Exercise brief
Locate, in the data below, the line that contains "Allspring Min(올스프링 민)" and the line that contains "Piscifun Lunker 274M"; reproduce exactly those two lines and every line between them, nothing more.

Collected data:
[Start of section]

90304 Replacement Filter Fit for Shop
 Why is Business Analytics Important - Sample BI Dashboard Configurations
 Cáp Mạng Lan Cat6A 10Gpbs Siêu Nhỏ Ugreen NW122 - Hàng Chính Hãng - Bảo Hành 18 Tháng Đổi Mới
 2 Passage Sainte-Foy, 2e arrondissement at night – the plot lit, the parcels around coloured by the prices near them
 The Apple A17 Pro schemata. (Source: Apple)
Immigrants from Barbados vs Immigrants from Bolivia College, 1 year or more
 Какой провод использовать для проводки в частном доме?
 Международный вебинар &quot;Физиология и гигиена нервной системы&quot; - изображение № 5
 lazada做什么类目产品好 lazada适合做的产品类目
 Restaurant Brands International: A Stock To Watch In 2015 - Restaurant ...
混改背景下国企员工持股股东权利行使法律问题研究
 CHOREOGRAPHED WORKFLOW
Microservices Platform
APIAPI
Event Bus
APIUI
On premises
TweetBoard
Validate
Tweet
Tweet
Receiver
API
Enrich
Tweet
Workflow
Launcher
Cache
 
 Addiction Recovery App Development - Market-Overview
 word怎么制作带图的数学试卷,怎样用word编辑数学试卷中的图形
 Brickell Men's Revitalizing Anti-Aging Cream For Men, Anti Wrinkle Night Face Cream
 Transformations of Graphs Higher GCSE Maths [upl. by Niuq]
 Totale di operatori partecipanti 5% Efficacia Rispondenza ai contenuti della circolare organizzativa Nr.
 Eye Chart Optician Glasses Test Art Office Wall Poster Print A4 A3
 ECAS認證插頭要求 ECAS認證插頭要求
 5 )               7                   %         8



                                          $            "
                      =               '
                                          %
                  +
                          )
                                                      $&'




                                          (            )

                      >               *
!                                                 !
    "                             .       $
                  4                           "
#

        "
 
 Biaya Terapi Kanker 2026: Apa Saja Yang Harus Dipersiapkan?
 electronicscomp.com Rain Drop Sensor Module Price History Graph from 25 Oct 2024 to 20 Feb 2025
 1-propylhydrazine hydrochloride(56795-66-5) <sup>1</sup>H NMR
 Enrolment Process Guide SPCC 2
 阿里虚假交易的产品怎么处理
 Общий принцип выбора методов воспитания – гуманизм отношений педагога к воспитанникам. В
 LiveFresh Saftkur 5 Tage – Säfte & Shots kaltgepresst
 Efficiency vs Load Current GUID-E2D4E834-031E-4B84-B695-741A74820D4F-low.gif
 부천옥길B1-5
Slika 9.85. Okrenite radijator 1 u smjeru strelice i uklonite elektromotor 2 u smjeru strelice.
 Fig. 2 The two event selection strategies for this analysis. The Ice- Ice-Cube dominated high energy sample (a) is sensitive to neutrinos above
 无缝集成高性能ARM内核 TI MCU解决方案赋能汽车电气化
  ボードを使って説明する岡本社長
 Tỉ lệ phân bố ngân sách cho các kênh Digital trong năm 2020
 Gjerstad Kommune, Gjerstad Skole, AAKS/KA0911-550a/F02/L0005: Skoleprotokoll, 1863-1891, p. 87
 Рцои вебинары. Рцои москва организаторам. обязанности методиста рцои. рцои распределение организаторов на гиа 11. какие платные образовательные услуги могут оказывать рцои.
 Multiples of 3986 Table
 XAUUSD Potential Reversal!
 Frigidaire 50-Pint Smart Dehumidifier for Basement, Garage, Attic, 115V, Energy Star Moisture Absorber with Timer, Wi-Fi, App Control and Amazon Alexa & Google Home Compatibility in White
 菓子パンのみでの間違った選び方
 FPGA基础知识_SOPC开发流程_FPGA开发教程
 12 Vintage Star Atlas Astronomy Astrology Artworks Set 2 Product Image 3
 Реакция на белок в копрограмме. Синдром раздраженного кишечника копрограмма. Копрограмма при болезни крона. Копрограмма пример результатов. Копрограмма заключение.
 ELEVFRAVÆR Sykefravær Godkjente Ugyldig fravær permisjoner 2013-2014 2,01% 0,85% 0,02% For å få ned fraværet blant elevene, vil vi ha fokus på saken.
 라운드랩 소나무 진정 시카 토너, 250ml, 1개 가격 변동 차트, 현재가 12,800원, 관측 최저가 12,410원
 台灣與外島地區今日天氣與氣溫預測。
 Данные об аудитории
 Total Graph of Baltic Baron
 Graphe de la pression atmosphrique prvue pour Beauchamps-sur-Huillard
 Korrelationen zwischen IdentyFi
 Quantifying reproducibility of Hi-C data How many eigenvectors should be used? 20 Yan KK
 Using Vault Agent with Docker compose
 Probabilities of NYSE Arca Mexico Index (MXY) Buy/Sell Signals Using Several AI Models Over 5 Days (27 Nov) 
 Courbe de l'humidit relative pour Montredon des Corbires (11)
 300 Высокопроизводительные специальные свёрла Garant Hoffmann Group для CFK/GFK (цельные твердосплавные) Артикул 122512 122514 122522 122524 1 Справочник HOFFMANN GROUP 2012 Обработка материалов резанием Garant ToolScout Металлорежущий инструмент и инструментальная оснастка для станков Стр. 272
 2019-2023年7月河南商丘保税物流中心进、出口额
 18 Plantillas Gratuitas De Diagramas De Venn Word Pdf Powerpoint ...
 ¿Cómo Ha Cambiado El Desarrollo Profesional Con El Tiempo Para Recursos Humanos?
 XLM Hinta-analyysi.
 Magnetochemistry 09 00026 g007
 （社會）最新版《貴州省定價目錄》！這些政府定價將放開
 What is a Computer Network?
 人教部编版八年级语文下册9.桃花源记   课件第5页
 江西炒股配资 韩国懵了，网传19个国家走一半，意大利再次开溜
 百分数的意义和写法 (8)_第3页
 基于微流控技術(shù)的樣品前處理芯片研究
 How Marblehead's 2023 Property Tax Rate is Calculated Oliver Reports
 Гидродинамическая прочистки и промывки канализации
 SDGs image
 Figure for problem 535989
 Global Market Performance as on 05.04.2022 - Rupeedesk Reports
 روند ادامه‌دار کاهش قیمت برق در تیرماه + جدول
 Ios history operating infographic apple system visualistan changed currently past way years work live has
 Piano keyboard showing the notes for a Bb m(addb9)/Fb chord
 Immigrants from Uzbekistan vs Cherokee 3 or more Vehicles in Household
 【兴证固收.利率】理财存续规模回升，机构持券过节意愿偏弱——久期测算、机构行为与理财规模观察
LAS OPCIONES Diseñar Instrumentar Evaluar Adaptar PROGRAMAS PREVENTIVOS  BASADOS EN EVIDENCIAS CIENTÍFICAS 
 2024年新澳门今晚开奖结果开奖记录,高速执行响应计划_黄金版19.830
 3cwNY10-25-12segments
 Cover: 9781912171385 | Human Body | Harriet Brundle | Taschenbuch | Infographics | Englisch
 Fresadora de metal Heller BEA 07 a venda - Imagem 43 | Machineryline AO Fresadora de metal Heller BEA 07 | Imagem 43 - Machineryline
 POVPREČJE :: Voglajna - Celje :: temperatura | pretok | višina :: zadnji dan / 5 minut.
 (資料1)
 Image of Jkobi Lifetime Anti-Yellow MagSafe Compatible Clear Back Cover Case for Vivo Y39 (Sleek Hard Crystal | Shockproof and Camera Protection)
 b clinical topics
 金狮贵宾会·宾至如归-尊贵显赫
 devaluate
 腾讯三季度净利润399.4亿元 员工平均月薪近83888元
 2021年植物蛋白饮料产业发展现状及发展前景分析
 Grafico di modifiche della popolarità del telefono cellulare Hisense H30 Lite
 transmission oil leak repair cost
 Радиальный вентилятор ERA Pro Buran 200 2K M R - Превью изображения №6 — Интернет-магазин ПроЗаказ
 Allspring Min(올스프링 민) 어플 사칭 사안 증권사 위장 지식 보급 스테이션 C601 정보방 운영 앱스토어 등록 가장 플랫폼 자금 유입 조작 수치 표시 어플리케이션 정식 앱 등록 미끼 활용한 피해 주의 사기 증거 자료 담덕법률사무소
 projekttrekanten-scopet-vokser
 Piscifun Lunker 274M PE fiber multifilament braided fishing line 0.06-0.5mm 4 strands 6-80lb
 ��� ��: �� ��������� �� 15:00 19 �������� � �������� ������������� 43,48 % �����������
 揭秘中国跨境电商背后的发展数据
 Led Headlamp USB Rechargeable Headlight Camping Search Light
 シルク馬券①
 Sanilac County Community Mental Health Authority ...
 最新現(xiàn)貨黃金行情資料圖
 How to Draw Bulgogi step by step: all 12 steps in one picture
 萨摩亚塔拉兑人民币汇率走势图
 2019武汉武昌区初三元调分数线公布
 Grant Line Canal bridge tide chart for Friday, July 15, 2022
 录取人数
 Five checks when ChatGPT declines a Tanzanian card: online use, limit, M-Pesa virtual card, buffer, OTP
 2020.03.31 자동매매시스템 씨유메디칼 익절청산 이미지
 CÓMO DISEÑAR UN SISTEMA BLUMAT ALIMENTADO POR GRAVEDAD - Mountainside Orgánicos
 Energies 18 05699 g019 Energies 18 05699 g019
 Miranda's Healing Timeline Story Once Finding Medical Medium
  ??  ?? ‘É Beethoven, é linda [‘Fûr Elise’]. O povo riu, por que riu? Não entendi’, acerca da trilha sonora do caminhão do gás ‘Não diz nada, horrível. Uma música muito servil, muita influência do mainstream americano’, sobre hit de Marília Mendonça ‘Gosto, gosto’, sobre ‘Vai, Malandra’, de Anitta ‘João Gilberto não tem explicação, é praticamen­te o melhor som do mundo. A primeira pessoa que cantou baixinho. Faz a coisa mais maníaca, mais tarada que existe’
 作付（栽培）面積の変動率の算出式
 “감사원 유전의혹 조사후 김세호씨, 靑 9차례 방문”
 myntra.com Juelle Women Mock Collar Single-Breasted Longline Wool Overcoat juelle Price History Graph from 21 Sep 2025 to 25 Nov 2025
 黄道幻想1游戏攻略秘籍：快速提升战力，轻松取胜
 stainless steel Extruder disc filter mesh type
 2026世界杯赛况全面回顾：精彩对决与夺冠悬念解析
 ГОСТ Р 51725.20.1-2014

[End of section]

Answer for this exercise
 Allspring Min(올스프링 민) 어플 사칭 사안 증권사 위장 지식 보급 스테이션 C601 정보방 운영 앱스토어 등록 가장 플랫폼 자금 유입 조작 수치 표시 어플리케이션 정식 앱 등록 미끼 활용한 피해 주의 사기 증거 자료 담덕법률사무소
 projekttrekanten-scopet-vokser
 Piscifun Lunker 274M PE fiber multifilament braided fishing line 0.06-0.5mm 4 strands 6-80lb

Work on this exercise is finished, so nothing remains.